We don't normally post every review of a Jeep vehicle we come across - we tend to save it for a review on one extreme or other - in this case, the reviewer from the Edmonton Journal on Canada.com couldn't have shoveled more praise on the Wrangler Rubicon if he had a backhoe. Here's some highlights:
...the 2004 model may share no bolt or basic dimension with the feisty little Second World War utility vehicle, but in design and intent, it hasn't changed a whit.
Like that first Jeep, the TJ is built to churn through anything it encounters. Comfort and convenience take a back seat (and a thin and bouncy seat, it is) to this single-minded goal.

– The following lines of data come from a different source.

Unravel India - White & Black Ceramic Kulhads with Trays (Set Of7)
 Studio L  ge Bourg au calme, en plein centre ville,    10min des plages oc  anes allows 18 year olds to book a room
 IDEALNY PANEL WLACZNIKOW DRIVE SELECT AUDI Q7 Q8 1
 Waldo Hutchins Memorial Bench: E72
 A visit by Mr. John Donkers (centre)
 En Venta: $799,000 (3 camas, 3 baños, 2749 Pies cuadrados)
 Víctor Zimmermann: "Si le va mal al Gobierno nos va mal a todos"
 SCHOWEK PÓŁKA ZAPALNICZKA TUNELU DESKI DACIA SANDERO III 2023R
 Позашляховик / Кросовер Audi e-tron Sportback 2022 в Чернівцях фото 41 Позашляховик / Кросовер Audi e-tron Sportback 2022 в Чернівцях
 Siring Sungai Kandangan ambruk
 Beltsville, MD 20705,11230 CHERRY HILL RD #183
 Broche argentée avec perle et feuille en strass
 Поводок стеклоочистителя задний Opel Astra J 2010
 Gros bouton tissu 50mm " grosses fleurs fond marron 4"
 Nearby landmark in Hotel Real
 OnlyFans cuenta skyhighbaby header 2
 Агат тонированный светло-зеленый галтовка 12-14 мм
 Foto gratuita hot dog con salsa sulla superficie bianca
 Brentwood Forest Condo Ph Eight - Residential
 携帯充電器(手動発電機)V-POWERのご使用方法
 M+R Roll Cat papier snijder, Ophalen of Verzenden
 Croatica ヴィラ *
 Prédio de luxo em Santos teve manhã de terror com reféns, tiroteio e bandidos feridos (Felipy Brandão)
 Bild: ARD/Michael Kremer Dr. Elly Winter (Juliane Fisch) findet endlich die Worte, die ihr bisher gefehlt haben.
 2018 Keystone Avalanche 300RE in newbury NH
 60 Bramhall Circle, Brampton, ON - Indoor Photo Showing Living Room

Our test subject, the TJ Rubicon, is more faithful than ever to the tenets of the original Jeep. Introduced for 2003 and named for one of the toughest off-road trails in the U.S., the Rubicon comes with huge, paddle-wheel tires, diamond-plate steel sill guards and a heavy-duty transfer case that could grind gravel into sand. Its qualifications go beyond even Jeep's new Trail Rated system to designate its four-by-fours have met tough standards for water-fording, articulation (wheel travel) and other off-roading.
We didn't cross the Rubicon in our TJ, but we did visit a Kanata construction site on a rainy Sunday.
It was a ride in the park. We churned easily through the slick mud without even needing to lock the axles (a simple matter of hitting a dash switch once to lock the rear axle, or twice to lock front and rear). With 235 ft.-lbs. of torque, the 4.0-litre straight-six engine gave us all the power we needed.
We tried deeper puddles, steeper inclines. The Rubicon never hesitated. We wondered if it was laughing at us through its famous, seven-slotted grille.